Now the Dominion of Virginia is seizing the land Johnson purchased, in order to build an Amazon data center. Her descendants have lived in Haymarket for the last 118 years. They are required by law to sell their land to Dominion Virginia Power, which will use it to build towers that will bring power to Amazon’s facility.
The area has been threatened by the march of progress before. The Disney Corporation bought up land around Haymarket in the 1990s in order to build a Civil War theme park, but objections put an end to their plans. Author William Styron wrote in a New York Times op-ed:
“I have doubts whether the technical wizardry that so entrances children and grown-ups at other Disney parks can do anything but mock a theme as momentous as slavery. To present even the most squalid sights would be to cheaply romanticize suffering.”

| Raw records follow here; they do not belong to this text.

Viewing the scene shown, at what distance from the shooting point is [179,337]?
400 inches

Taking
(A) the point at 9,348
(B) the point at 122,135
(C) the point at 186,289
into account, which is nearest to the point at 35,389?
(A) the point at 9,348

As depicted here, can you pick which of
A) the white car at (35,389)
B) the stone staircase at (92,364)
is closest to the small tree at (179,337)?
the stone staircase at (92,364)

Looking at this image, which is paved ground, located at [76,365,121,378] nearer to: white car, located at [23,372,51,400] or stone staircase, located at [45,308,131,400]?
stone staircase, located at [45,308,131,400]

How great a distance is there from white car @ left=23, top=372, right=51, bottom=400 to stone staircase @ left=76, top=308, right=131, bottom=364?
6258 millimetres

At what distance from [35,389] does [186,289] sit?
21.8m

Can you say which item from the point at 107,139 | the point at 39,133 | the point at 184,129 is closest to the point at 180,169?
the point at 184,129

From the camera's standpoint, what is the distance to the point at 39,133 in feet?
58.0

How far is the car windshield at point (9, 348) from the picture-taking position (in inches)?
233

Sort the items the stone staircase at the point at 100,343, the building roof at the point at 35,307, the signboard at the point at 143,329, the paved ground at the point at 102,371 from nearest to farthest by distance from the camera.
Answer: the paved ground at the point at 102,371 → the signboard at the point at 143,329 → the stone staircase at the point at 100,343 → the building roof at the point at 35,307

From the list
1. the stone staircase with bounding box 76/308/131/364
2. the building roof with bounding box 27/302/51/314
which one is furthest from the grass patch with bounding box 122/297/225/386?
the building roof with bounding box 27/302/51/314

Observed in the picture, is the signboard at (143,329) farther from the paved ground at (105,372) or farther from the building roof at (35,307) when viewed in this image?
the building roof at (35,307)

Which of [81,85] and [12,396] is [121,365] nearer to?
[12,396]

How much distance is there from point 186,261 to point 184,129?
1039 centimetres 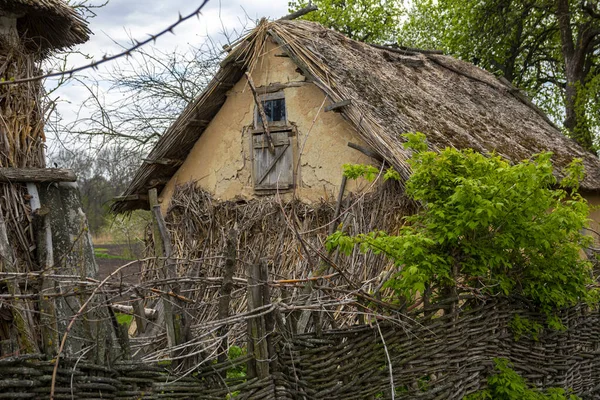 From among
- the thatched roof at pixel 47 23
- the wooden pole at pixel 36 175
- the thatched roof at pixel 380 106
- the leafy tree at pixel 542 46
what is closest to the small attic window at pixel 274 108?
the thatched roof at pixel 380 106

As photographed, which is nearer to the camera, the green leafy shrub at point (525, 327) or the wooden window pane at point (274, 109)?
the green leafy shrub at point (525, 327)

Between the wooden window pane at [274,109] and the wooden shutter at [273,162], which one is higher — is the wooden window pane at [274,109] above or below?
above

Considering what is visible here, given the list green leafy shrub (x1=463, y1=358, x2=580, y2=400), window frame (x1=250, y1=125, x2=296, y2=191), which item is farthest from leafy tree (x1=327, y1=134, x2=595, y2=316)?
window frame (x1=250, y1=125, x2=296, y2=191)

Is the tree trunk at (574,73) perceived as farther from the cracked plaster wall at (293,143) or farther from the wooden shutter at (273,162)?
the wooden shutter at (273,162)

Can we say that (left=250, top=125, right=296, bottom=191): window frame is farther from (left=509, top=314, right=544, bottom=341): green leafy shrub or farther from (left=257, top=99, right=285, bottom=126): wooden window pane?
(left=509, top=314, right=544, bottom=341): green leafy shrub

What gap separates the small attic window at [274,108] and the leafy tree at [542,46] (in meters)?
11.1

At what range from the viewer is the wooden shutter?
9.66 meters

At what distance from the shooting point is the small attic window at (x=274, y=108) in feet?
32.0

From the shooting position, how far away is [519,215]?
5.27 m

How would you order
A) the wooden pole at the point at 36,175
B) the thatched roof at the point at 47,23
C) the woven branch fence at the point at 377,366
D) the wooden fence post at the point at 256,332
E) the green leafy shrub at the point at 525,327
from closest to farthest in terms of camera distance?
the woven branch fence at the point at 377,366 → the wooden fence post at the point at 256,332 → the wooden pole at the point at 36,175 → the thatched roof at the point at 47,23 → the green leafy shrub at the point at 525,327

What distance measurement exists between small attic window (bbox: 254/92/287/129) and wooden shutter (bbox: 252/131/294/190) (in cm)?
17

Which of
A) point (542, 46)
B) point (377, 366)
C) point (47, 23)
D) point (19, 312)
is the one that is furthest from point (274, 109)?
point (542, 46)

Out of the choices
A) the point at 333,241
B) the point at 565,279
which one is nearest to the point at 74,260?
the point at 333,241

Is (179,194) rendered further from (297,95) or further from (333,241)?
(333,241) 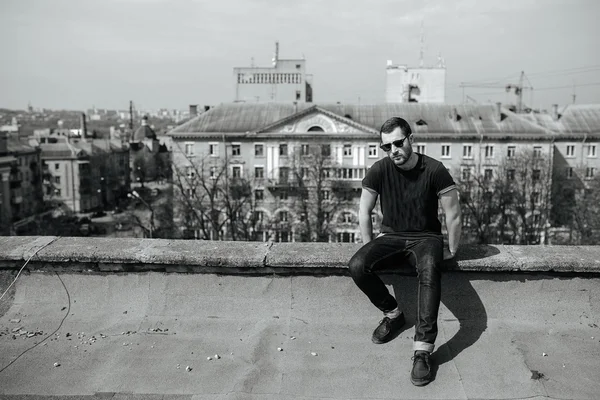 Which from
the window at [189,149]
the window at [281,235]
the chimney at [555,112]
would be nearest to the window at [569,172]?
the chimney at [555,112]

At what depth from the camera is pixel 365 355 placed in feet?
12.2

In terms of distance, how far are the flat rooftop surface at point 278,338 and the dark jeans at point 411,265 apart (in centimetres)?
25

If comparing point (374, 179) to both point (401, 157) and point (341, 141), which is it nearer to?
point (401, 157)

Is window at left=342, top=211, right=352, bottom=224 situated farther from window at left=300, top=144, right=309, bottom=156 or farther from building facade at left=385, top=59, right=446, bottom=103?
building facade at left=385, top=59, right=446, bottom=103

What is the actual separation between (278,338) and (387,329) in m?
0.76

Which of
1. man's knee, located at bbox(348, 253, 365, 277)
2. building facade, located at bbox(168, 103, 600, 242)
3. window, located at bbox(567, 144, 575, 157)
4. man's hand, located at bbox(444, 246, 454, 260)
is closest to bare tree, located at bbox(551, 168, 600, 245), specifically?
window, located at bbox(567, 144, 575, 157)

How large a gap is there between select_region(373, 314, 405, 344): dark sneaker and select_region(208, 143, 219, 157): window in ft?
140

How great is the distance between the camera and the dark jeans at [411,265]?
352 cm

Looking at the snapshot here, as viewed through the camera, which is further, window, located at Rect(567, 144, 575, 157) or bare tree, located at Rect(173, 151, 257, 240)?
window, located at Rect(567, 144, 575, 157)

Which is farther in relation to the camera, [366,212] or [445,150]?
[445,150]

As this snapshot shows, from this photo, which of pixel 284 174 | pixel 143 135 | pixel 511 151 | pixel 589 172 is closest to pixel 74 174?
pixel 284 174

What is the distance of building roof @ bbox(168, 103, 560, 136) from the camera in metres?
44.9

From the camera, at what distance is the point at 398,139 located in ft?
12.9

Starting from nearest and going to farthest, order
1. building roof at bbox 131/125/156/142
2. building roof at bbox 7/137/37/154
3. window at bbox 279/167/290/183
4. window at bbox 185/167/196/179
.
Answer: window at bbox 185/167/196/179, window at bbox 279/167/290/183, building roof at bbox 7/137/37/154, building roof at bbox 131/125/156/142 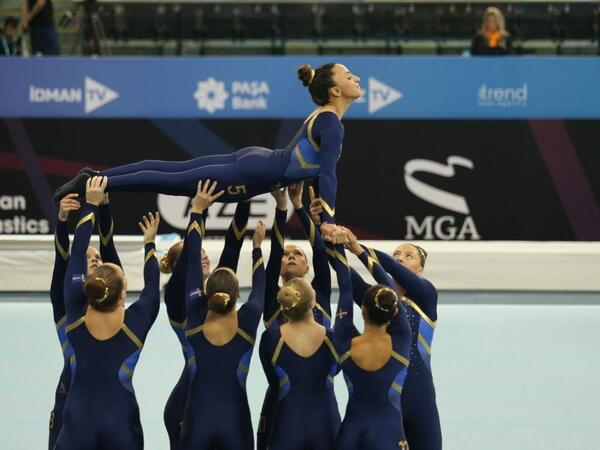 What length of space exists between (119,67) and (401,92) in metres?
2.94

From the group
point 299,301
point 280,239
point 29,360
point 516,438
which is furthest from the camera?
point 29,360

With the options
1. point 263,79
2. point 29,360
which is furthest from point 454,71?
point 29,360

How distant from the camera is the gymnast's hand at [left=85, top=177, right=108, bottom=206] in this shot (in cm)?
507

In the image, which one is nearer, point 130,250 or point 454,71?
point 130,250

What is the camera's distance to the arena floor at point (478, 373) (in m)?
6.62

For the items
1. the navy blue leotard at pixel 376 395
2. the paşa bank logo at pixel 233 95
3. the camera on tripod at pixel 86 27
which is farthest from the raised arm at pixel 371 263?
the camera on tripod at pixel 86 27

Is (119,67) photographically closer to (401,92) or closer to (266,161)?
(401,92)

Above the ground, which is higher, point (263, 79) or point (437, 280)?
point (263, 79)

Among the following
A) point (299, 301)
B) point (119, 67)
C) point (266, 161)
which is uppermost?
point (266, 161)

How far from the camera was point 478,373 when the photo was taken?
823 centimetres

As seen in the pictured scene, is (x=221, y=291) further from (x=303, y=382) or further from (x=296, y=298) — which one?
(x=303, y=382)

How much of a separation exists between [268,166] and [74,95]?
22.6ft

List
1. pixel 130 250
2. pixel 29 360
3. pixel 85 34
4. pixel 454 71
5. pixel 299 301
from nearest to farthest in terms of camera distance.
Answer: pixel 299 301 < pixel 29 360 < pixel 130 250 < pixel 454 71 < pixel 85 34

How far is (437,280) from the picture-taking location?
443 inches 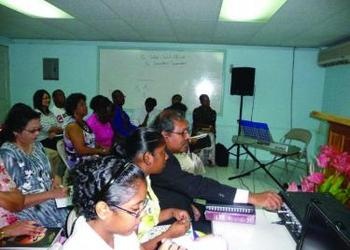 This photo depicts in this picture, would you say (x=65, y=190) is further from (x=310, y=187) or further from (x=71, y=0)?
(x=71, y=0)

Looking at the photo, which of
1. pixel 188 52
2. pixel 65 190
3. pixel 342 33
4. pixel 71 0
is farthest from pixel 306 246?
pixel 188 52

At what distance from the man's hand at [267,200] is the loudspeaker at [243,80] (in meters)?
Answer: 3.98

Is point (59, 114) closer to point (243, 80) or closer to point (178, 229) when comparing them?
point (243, 80)

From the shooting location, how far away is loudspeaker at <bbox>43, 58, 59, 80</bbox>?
5.81 meters

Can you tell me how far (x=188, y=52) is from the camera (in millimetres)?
5582

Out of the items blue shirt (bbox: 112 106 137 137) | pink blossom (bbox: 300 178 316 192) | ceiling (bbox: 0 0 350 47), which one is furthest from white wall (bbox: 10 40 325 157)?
pink blossom (bbox: 300 178 316 192)

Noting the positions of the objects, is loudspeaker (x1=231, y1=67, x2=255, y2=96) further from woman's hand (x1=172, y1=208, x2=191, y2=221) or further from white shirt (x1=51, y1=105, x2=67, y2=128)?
woman's hand (x1=172, y1=208, x2=191, y2=221)

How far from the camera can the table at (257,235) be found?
1.21 m

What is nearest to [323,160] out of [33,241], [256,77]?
[33,241]

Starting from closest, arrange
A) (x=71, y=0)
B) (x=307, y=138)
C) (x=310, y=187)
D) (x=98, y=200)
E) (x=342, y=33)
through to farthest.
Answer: (x=98, y=200) → (x=310, y=187) → (x=71, y=0) → (x=342, y=33) → (x=307, y=138)

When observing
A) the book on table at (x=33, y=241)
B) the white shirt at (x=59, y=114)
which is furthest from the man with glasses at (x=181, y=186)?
the white shirt at (x=59, y=114)

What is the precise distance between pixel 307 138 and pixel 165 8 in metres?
3.12

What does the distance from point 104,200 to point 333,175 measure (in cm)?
98

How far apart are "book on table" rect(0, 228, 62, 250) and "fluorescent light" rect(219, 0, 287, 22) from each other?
265 centimetres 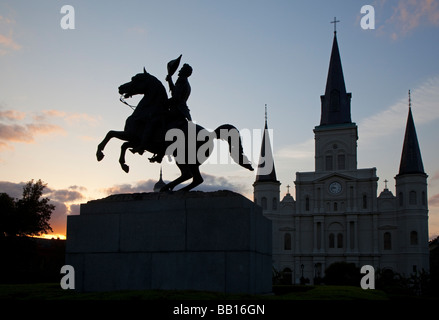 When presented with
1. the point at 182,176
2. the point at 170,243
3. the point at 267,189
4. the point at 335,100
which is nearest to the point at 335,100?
the point at 335,100

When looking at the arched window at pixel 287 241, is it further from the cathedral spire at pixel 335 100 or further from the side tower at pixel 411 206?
the cathedral spire at pixel 335 100

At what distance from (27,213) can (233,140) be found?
35034 millimetres

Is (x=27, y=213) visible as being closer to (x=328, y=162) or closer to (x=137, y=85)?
(x=137, y=85)

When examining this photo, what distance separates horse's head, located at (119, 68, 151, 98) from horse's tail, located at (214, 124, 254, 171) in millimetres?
1854

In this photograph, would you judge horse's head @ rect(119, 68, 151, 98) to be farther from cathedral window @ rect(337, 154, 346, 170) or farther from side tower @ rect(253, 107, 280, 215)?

Disney’s project was blocked and a developer bought up the land it had purchased, building high-end homes for a subdivision he called Somerset Crossing. Here, where stagecoaches once stopped to change horses on a turnpike established in 1812, where the railroad arrived in 1852 and warring armies passed by a few years later, its new five-bedroom McMansions are described without any apparent sense of irony as “colonial.”
The well-to-do residents there managed to block any eminent domain efforts on their property. So Amazon’s agents turned their sights to Haymarket, where Livinia Blackburn Johnson’s descendants presumably have less political pull.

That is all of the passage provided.